- [ENTRIES SHOWN]
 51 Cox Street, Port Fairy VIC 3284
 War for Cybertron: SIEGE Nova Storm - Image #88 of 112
==
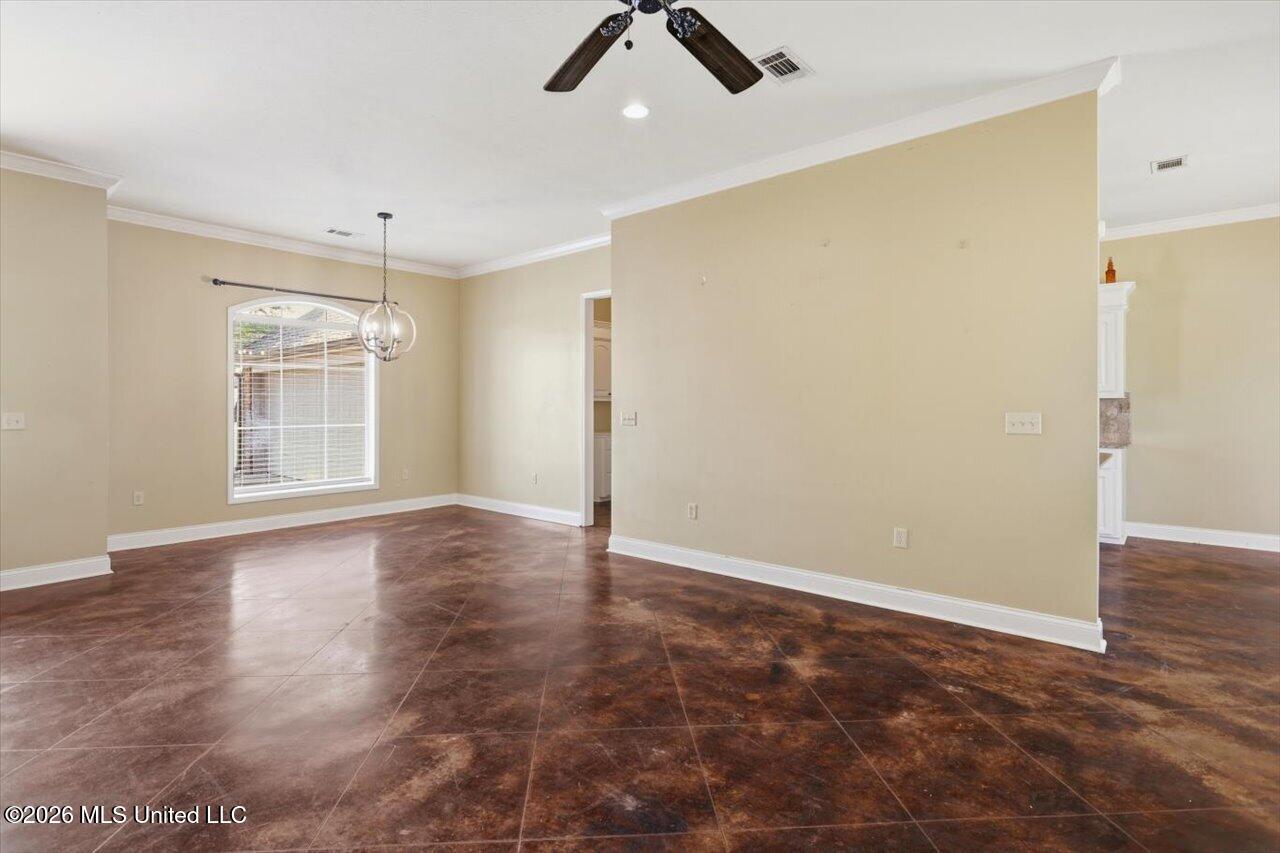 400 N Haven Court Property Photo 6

- [WHAT THE EXERCISE ASKS] Copy out each line of the data above, exactly, if it lies between the line holding "51 Cox Street, Port Fairy VIC 3284" and the line holding "War for Cybertron: SIEGE", inclusive; copy no other line.

- [TASK OUTPUT]
 51 Cox Street, Port Fairy VIC 3284
 War for Cybertron: SIEGE Nova Storm - Image #88 of 112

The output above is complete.